Two finite sets have `m` and `n` elements . The total number of subsets of the first set is `56` more than the total number of subsets of the second set , the values of `m` and `n` are

To solve the problem, we need to find the values of \( m \) and \( n \) such that the total number of subsets of the first set (with \( m \) elements) is 56 more than the total number of subsets of the second set (with \( n \) elements). ### Step-by-step Solution: 1. **Understanding the Number of Subsets**: The number of subsets of a set with \( k \) elements is given by \( 2^k \).

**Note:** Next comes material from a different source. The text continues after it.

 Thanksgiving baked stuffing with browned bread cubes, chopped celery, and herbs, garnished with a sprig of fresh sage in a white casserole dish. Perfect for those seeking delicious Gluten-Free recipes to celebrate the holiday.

Therefore, for the first set with \( m \) elements, the number of subsets is \( 2^m \), and for the second set with \( n \) elements, the number of subsets is \( 2^n \). 2. **Setting Up the Equation**: According to the problem, we have: \[ 2^m = 2^n + 56 \] 3. **Rearranging the Equation**: We can rearrange the equation to express it in a more manageable form: \[ 2^m - 2^n = 56 \] 4. **Factoring the Left Side**: We can factor the left side: \[ 2^n (2^{m-n} - 1) = 56 \] 5. **Finding Possible Values**: Since \( 56 = 2^3 \times 7 \), we can set \( 2^n \) to be one of the factors of 56. The possible values for \( 2^n \) are \( 1, 2, 4, 8, 16, 32 \). - If \( 2^n = 8 \) (which means \( n = 3 \)): \[ 2^n (2^{m-n} - 1) = 8(2^{m-3} - 1) = 56 \] \[ 2^{m-3} - 1 = 7 \implies 2^{m-3} = 8 \implies m - 3 = 3 \implies m = 6 \] 6. **Conclusion**: The values of \( m \) and \( n \) are \( m = 6 \) and \( n = 3 \). ### Final Answer: The values of \( m \) and \( n \) are \( m = 6 \) and \( n = 3 \).